## WHAT IS EXPECTED:
Below are some records. Return exactly their lines from the one containing "Παπούτσια adidas Hoops Black μαύρο" through the one containing "NOCTURNO LAS RECUPERA!", and drop the pictures.

## RECORDS FOR THE EXERCISE:
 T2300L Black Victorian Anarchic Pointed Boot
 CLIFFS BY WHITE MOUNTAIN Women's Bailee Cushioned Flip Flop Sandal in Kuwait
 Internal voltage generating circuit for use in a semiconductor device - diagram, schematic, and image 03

* * *

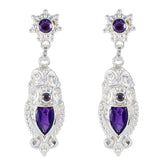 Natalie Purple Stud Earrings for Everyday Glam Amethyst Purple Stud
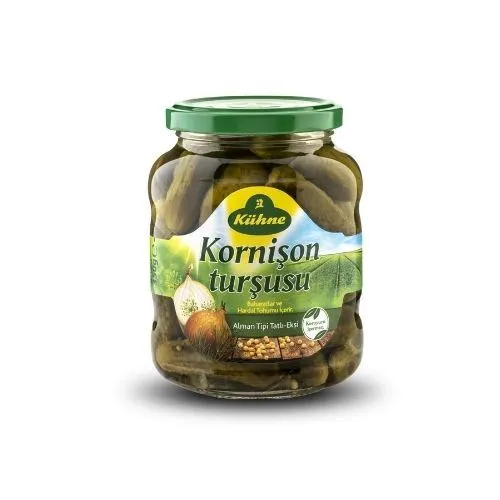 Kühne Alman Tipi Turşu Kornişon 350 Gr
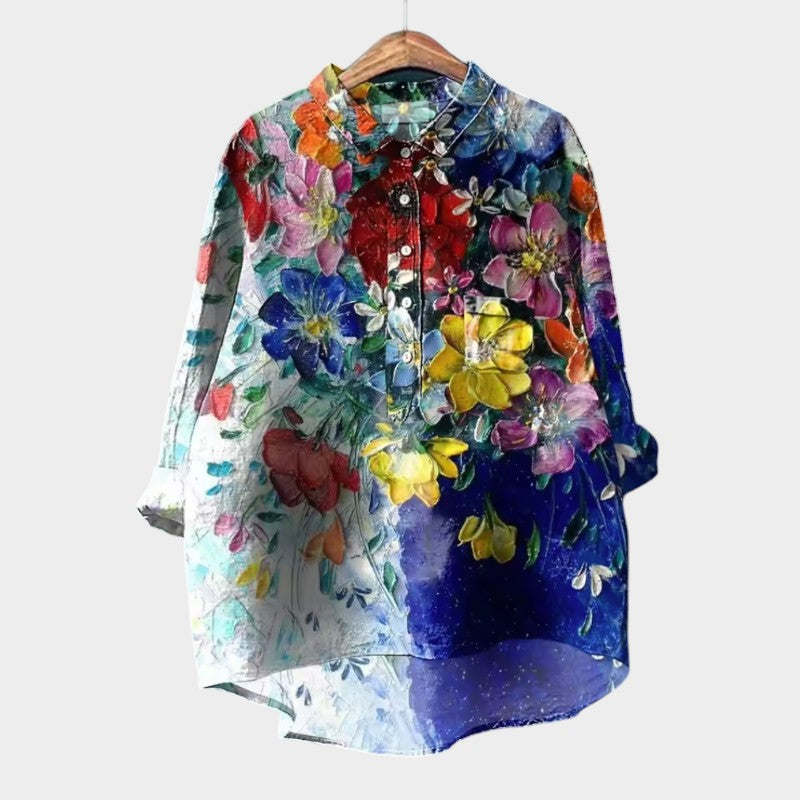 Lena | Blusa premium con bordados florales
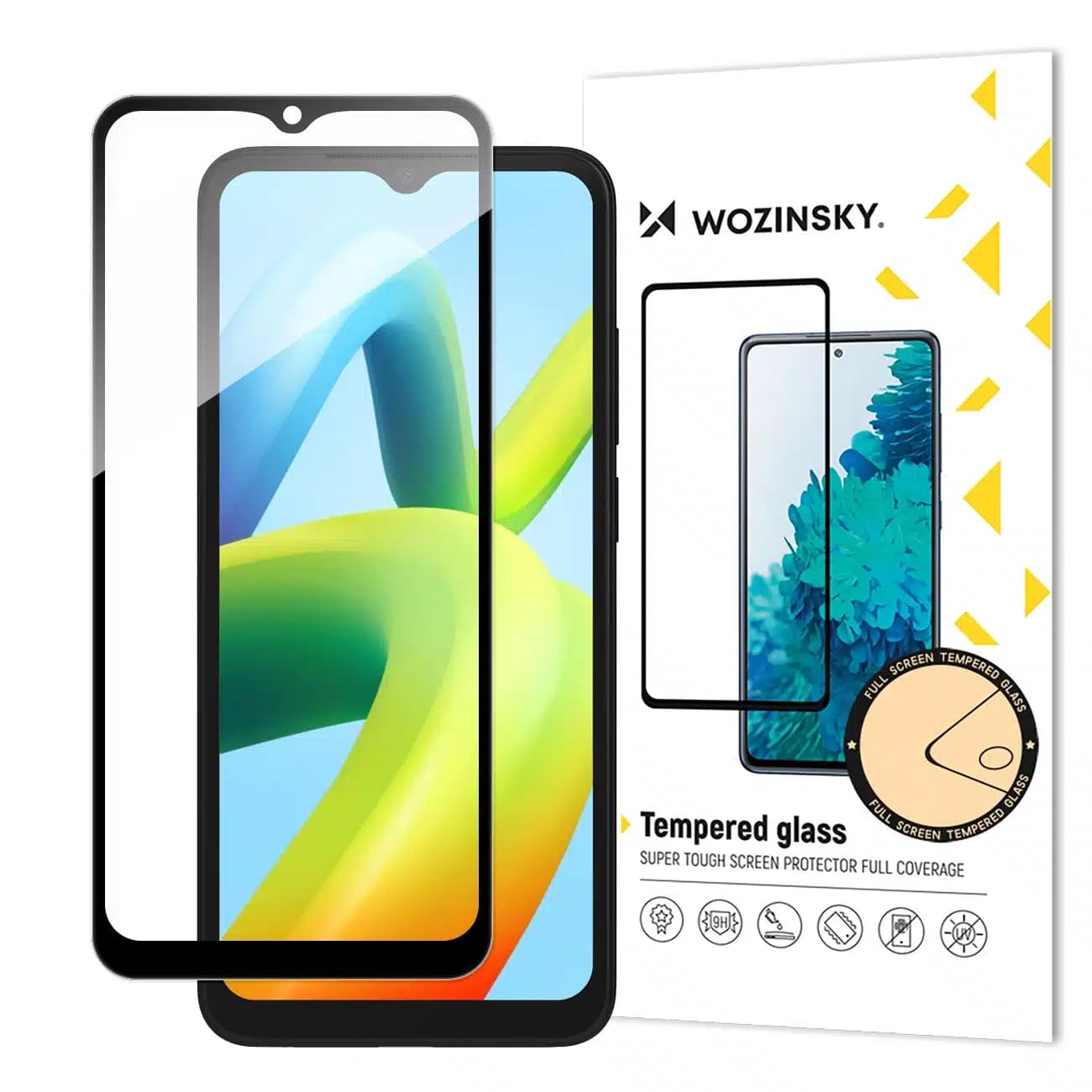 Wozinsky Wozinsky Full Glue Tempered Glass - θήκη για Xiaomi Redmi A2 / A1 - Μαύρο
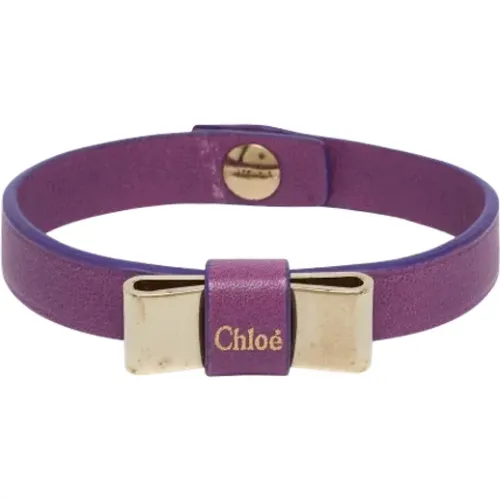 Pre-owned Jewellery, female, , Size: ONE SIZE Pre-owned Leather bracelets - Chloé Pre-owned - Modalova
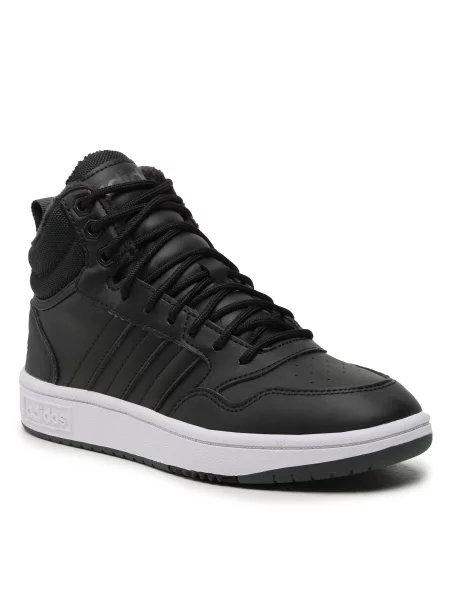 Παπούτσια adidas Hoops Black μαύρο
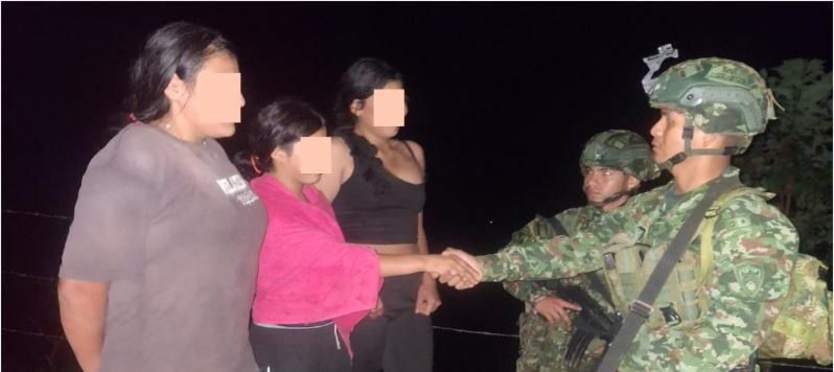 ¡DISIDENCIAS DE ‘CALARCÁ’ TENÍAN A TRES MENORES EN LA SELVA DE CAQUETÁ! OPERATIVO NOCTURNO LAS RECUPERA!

...

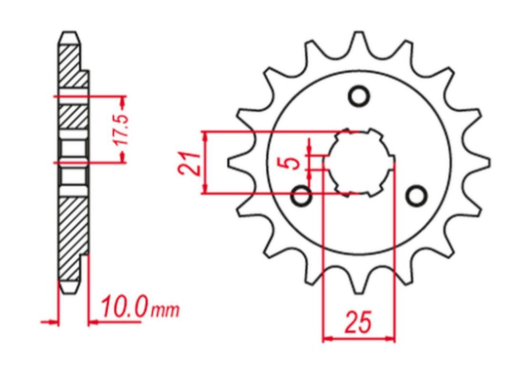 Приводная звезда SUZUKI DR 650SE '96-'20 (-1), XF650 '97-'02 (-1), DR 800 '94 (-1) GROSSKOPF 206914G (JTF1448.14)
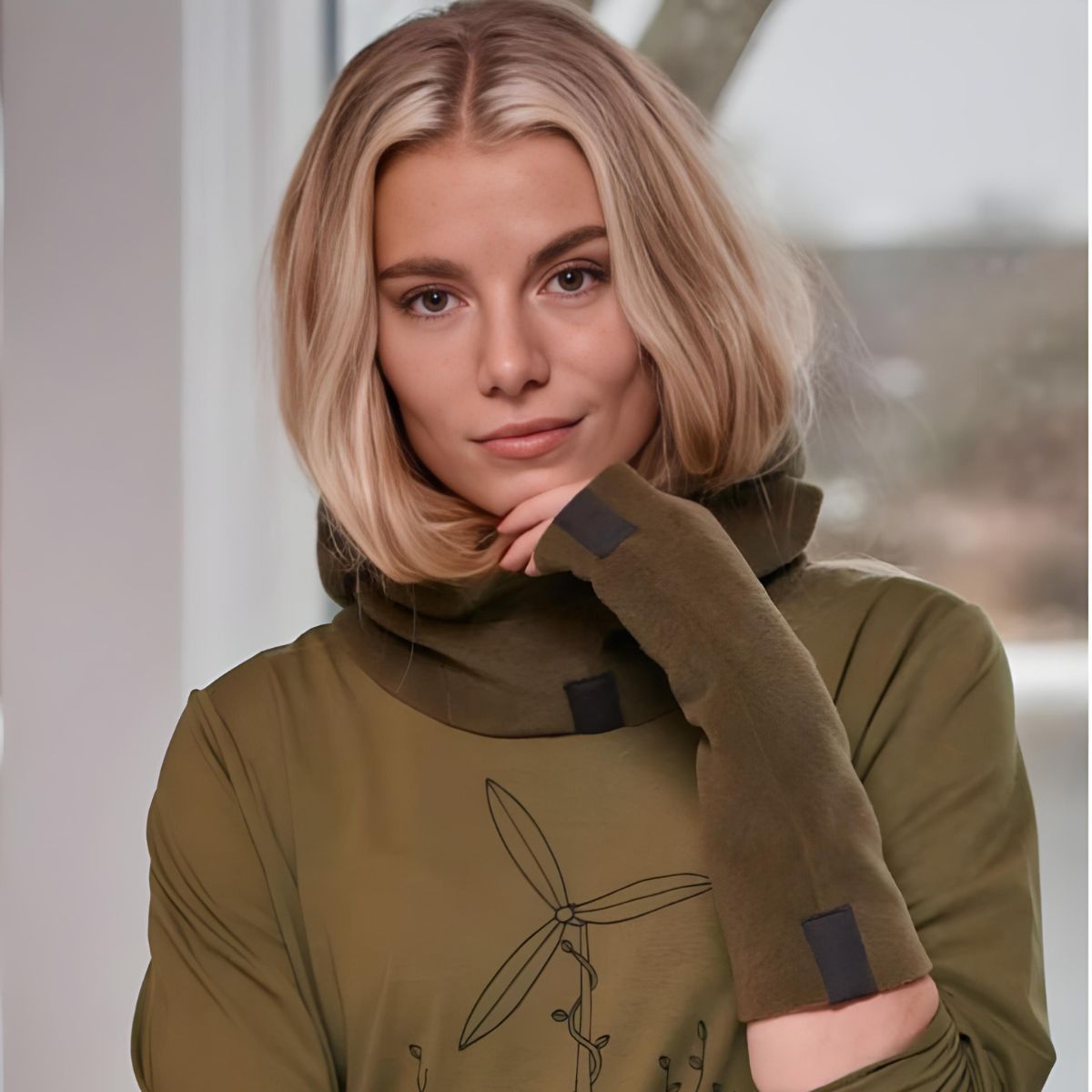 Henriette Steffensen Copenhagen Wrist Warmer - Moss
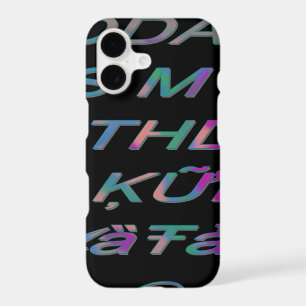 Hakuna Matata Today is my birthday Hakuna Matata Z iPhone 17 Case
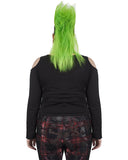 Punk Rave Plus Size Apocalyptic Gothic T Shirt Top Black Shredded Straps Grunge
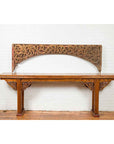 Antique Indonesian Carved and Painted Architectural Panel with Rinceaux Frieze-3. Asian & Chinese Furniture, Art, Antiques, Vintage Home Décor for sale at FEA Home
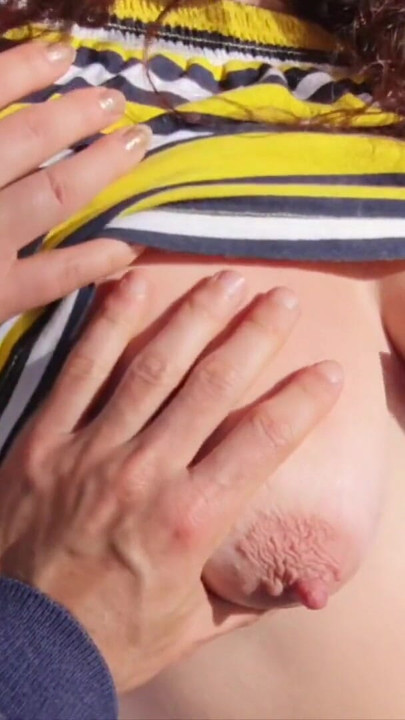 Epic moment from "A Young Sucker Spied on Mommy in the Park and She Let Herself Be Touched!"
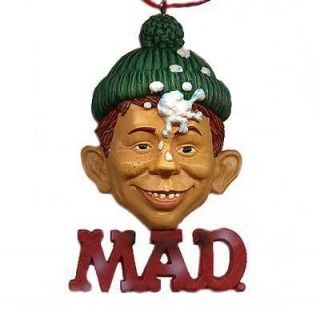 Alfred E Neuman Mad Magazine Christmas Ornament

## RESPONSE TO THE TASK:
 Παπούτσια adidas Hoops Black μαύρο
 ¡DISIDENCIAS DE ‘CALARCÁ’ TENÍAN A TRES MENORES EN LA SELVA DE CAQUETÁ! OPERATIVO NOCTURNO LAS RECUPERA!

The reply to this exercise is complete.